### WHAT TO DO
Using the listing below, copy exactly each line from the one that has "Preview for 10" through the one that has "Grande peluche Simba"; omit the pictures.

### RECORDS SHOWN
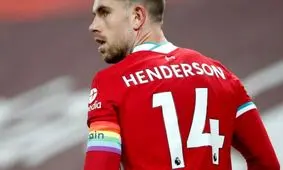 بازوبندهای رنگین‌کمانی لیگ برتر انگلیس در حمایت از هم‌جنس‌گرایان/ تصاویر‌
==
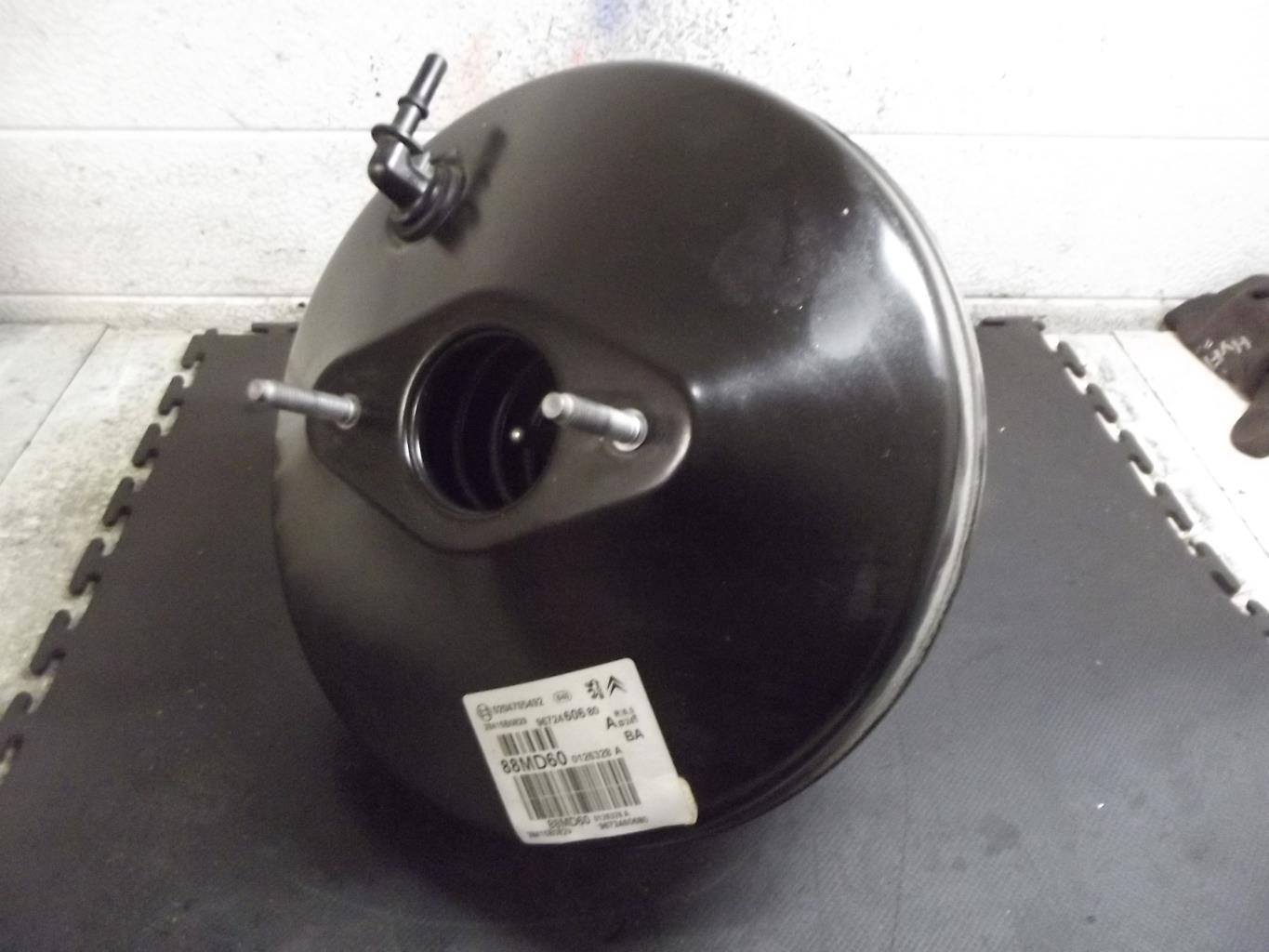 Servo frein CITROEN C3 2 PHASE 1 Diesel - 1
==
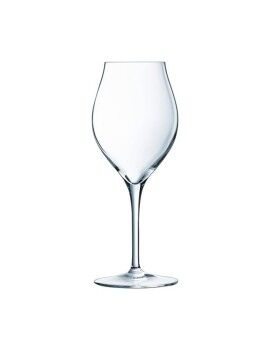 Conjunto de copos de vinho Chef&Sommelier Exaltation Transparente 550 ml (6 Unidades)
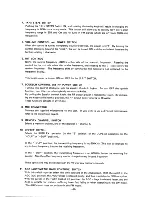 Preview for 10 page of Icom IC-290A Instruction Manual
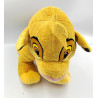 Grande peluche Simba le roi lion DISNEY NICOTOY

### TASK RESULT
 Preview for 10 page of Icom IC-290A Instruction Manual
 Grande peluche Simba le roi lion DISNEY NICOTOY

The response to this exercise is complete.